1. ## theorem on adjoint of linear transformation

Suppose $\displaystyle T:V \rightarrow W$ is a linear transformation, where V and W are finite dimensional inner product spaces. Prove that $\displaystyle \text{range } T^{*}=(\text{null } T)^{\perp}$.

I can prove it one direction:
Let $\displaystyle v \in \text{range } T^{*}$.

Then $\displaystyle v=T^{*}w$ for some $\displaystyle w \in W$.

Let $\displaystyle v_1 \in \text{null } T$.
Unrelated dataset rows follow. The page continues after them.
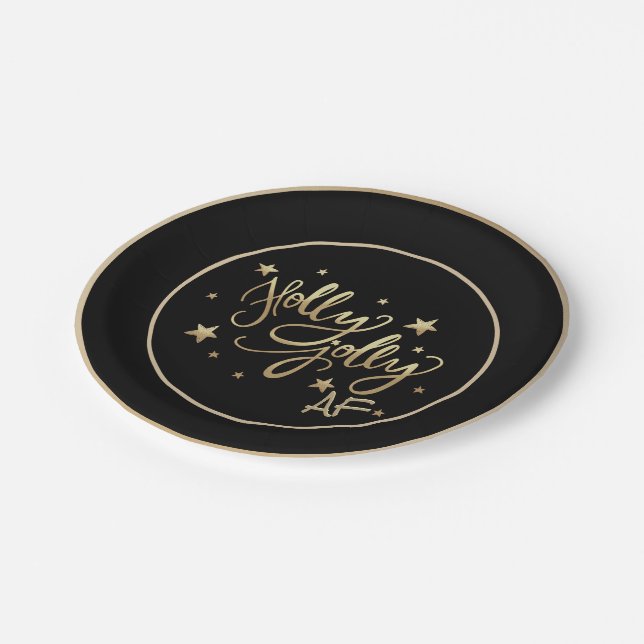Holly Jolly AF | Shiny Gold Imitate Fotolage Scrip Pappteller (Schrägansicht)
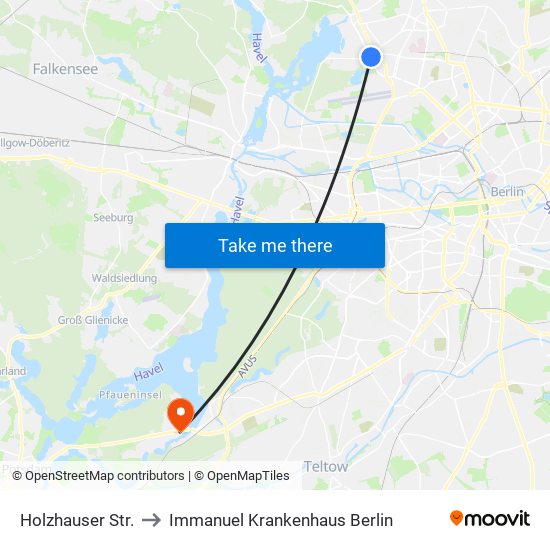 Holzhauser Str. to Immanuel Krankenhaus Berlin map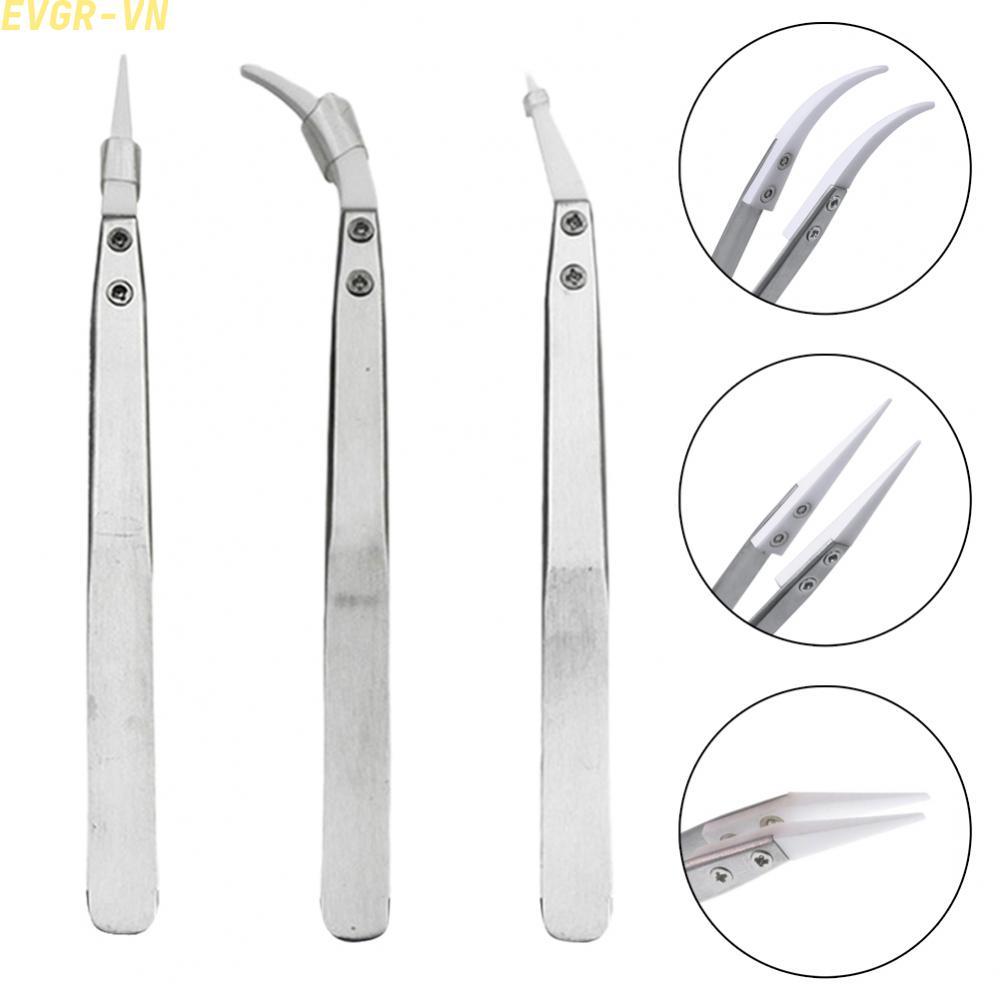<Evergreen>Reliable Ceramic Replaceable Tip Tweezers for Antimagnetic Performance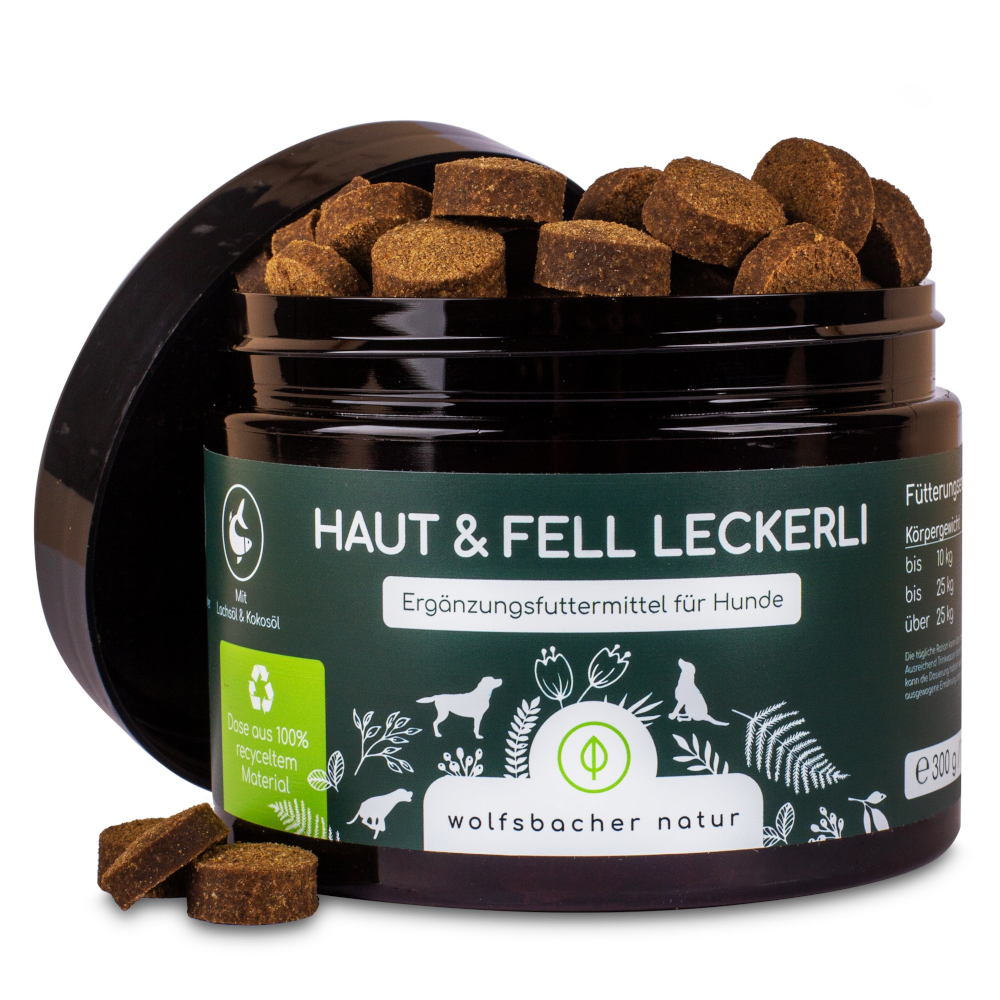 Wolfsbacher Natur Leckerli hud & päls - 300 g Wolfsbacher Natur Leckerli hud & päls - 300 g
Then $\displaystyle \left<v_1,T^{*}w \right>=\left<Tv_1,w \right>=\left<0,w \right>=0$.

So $\displaystyle \left< v_1, v \right>=0 \, \forall \, v_1 \in \text{null } T$.
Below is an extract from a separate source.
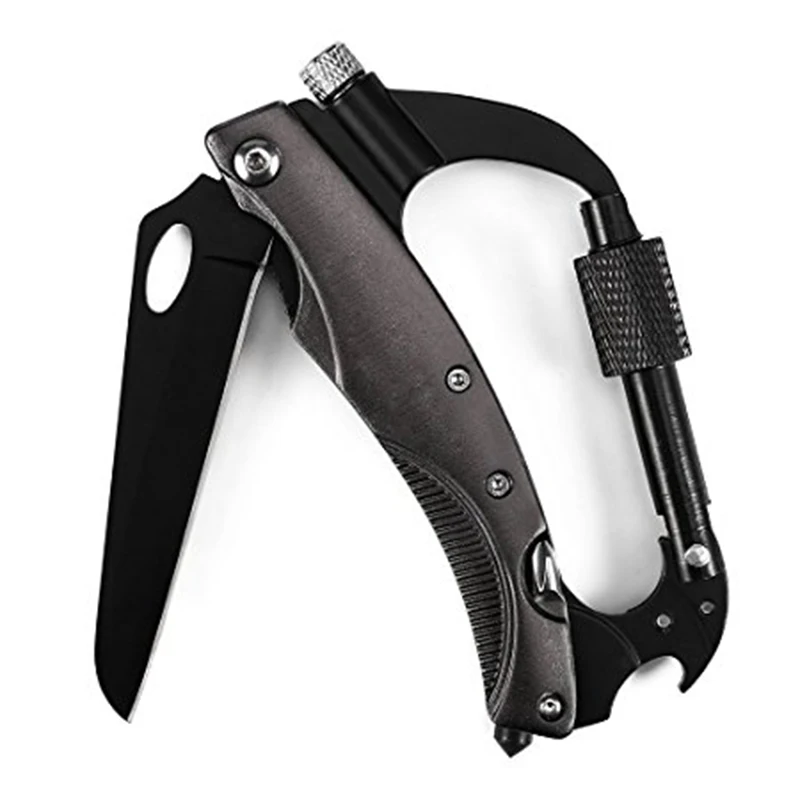 

8-in-1 Carabiner Keychain Clip with LED Flashlight EDC Survival Gear Tool for Camping Hiking &T8
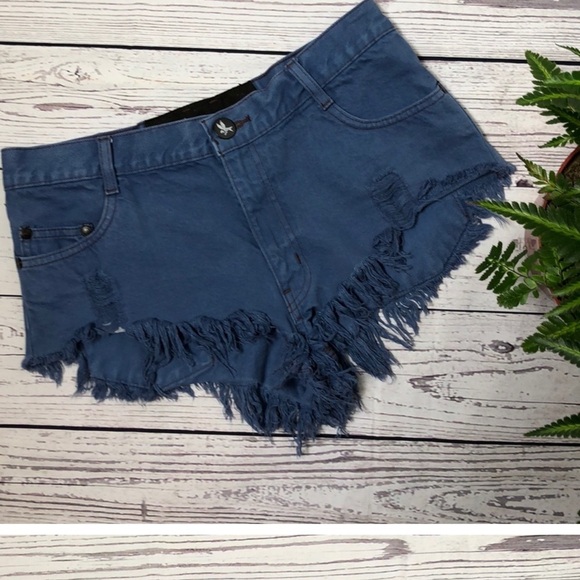 One Teaspoon Blue Distressed Jean Shorts - Picture 1 of 4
Hence $\displaystyle v \in (\text{null } T)^{\perp}$.

We have $\displaystyle \text{range } T^{*} \subseteq (\text{null } T)^{\perp}$.

Can someone show the reverse containment??

2. ## Re: theorem on adjoint of linear transformation

Originally Posted by abhishekkgp
Can someone show the reverse containment??
Hint Use that $\displaystyle V,\;W$ are finite dimensional vector spaces.

3. ## Re: theorem on adjoint of linear transformation

Originally Posted by FernandoRevilla
Hint Use that $\displaystyle V,\;W$ are finite dimensional vector spaces.
Let $\displaystyle \{e_1,e_2,\ldots,e_m\}$ be an orthogonal basis of $\displaystyle \text{null }} T$.
Let $\displaystyle \{e_1,e_2, \ldots,e_n \}$ be its extension to an orthogonal basis of $\displaystyle V$.
So $\displaystyle \{e_{m+1},e_{m+2},\ldots,e_n\}$ is an orthogonal basis of $\displaystyle (\text{null } T)^{\perp}$.

I need to show that $\displaystyle \exists \, w \in W \text{ such that } T^{*} w= e_i, \, \text{ where } (m+1)\leq i \leq n$.

Can you please again drop a hint?
I know i have to use the fact that W is also finite dimensional.

4. ## Re: theorem on adjoint of linear transformation

suppose $\displaystyle y \in (\text{image }T^*)^\bot$

so $\displaystyle \left<y,T^*w\right> = 0$, for all w in W.

then $\displaystyle \left<Ty,w\right> = 0$, for all w in W.

so Ty = 0, so y is in null(T).

(note: why can we conclude that Ty = 0? well, we can always pick w = Ty, since Ty

is an element of W, and since <Ty,w> = 0 for all w in W, in particular,

<Ty,Ty> = 0, so Ty = 0).

on the other hand, if y is in null(T),

$\displaystyle \left<Ty,w\right> = \left<0,w\right> = 0$ for any w in W,

but $\displaystyle \left<Ty,w\right> =\left<y,T^*w\right>$

so we conclude that $\displaystyle y \in (\text{image }T^*)^\bot$

so $\displaystyle (\text{image }T^*)^\bot = \text{null }T$.

now take the perp of both sides.

5. ## Re: theorem on adjoint of linear transformation

Originally Posted by Deveno
suppose $\displaystyle y \in (\text{image }T^*)^\bot$

so $\displaystyle \left<y,T^*w\right> = 0$, for all w in W.

then $\displaystyle \left<Ty,w\right> = 0$, for all w in W.

so Ty = 0, so y is in null(T).

(note: why can we conclude that Ty = 0? well, we can always pick w = Ty, since Ty

is an element of W, and since <Ty,w> = 0 for all w in W, in particular,

<Ty,Ty> = 0, so Ty = 0).

on the other hand, if y is in null(T),

$\displaystyle \left<Ty,w\right> = \left<0,w\right> = 0$ for any w in W,

but $\displaystyle \left<Ty,w\right> =\left<y,T^*w\right>$

so we conclude that $\displaystyle y \in (\text{image }T^*)^\bot$

so $\displaystyle (\text{image }T^*)^\bot = \text{null }T$.

now take the perp of both sides.
thank you Denevo. that helped.
But i am still looking for a direct way to solve the problem.